══ Records to process ══
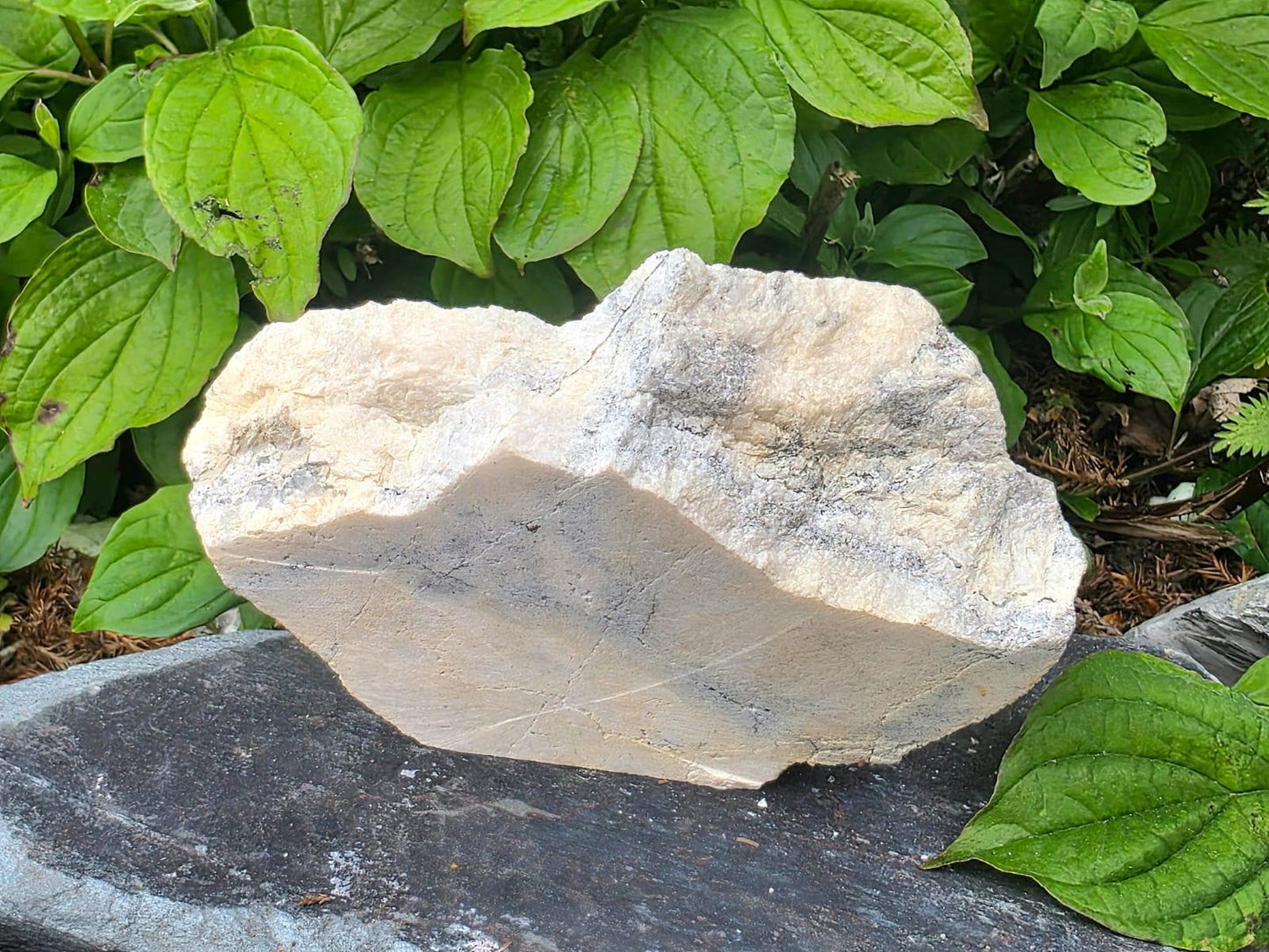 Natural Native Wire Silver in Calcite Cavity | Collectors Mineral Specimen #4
═══
══ Records to process ══
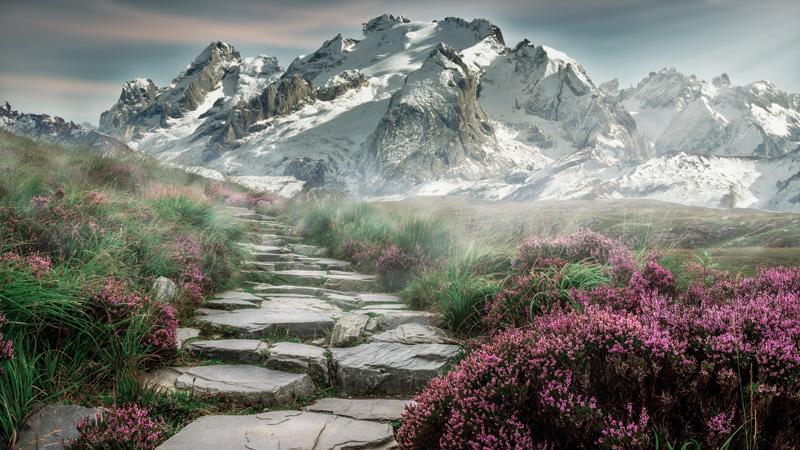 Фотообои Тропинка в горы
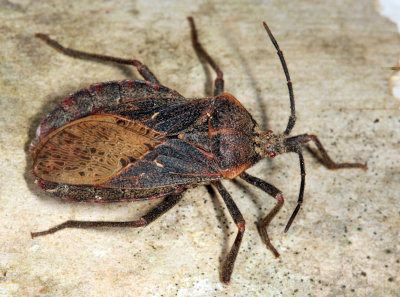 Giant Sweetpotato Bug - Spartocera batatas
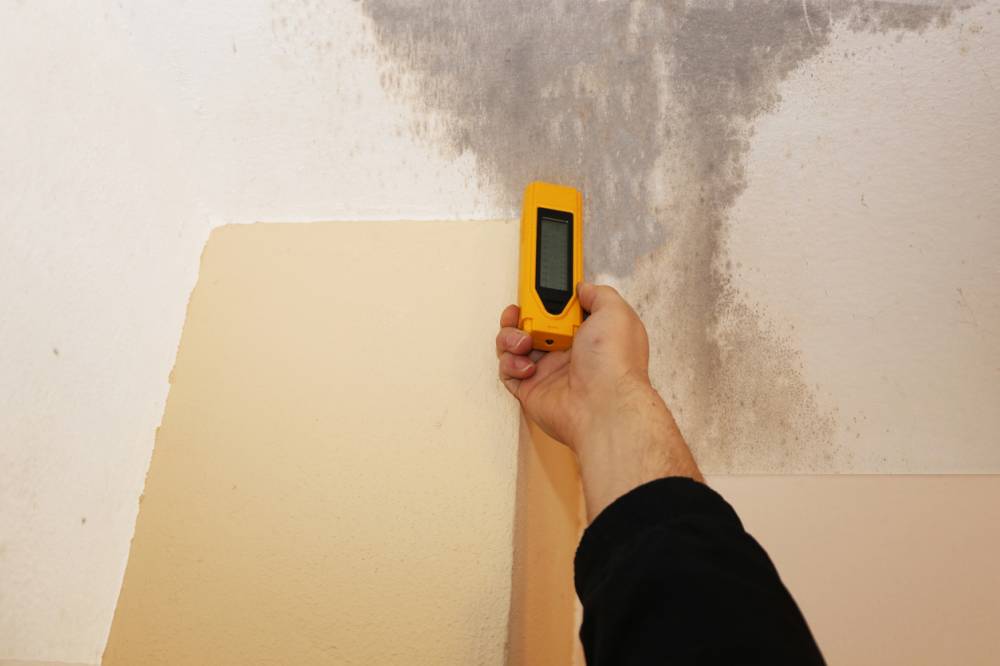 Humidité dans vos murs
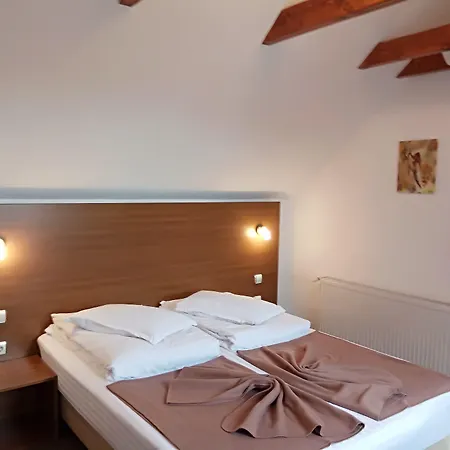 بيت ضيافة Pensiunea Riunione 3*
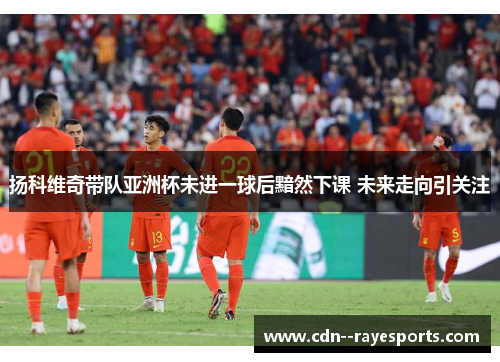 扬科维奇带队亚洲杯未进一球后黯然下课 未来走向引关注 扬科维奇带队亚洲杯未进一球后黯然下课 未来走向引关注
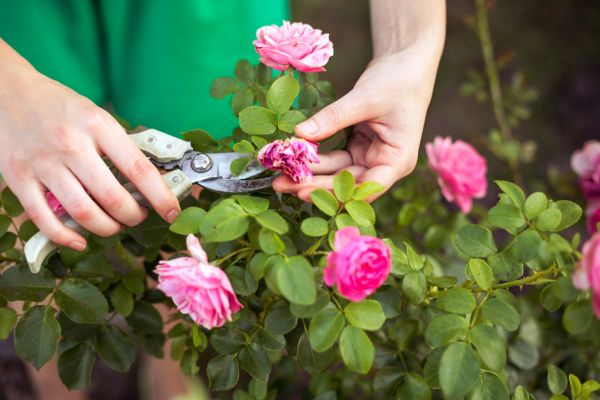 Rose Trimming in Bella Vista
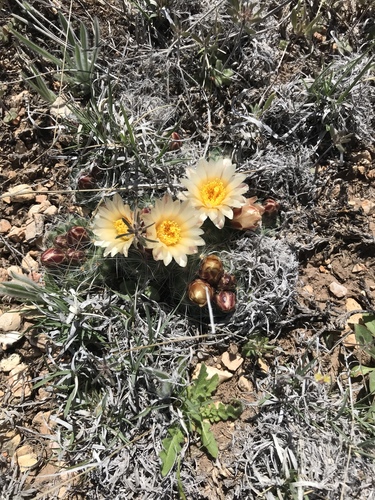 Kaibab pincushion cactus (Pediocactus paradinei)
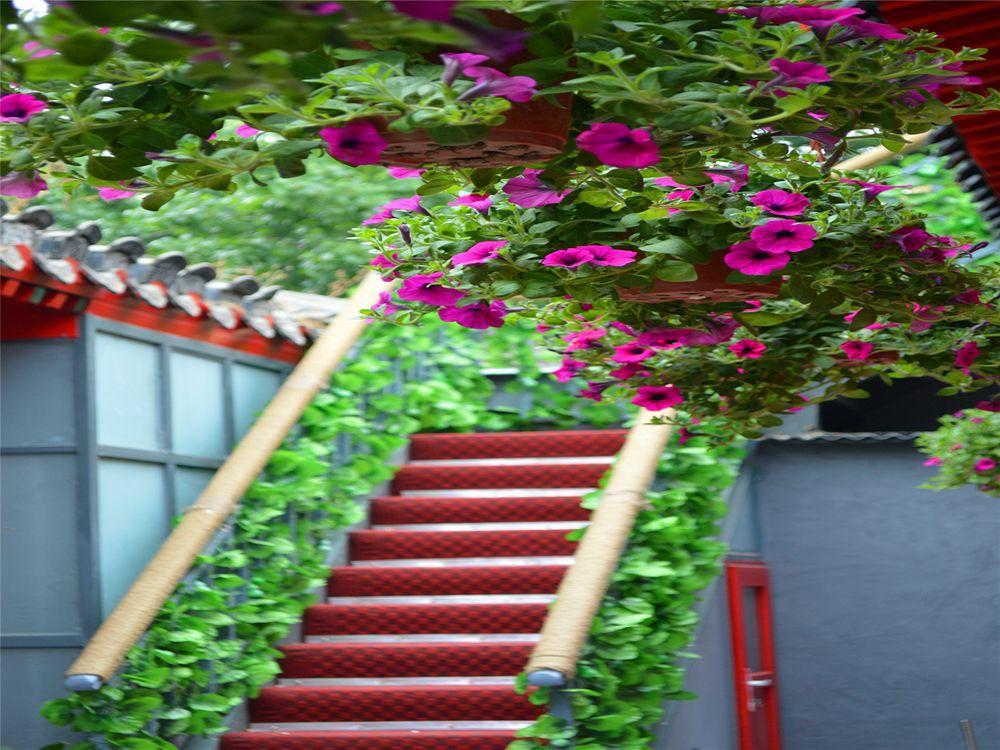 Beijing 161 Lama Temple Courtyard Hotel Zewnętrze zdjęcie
═══
(Directions for this task): Using the data above, output the line that has "Humidité dans vos murs", the line that has "Beijing 161 Lama", and whatever lines fall between, each exactly as it stands and without pictures.

(Exercise output):
 Humidité dans vos murs
 بيت ضيافة Pensiunea Riunione 3*
 扬科维奇带队亚洲杯未进一球后黯然下课 未来走向引关注 扬科维奇带队亚洲杯未进一球后黯然下课 未来走向引关注
 Rose Trimming in Bella Vista
 Kaibab pincushion cactus (Pediocactus paradinei)
 Beijing 161 Lama Temple Courtyard Hotel Zewnętrze zdjęcie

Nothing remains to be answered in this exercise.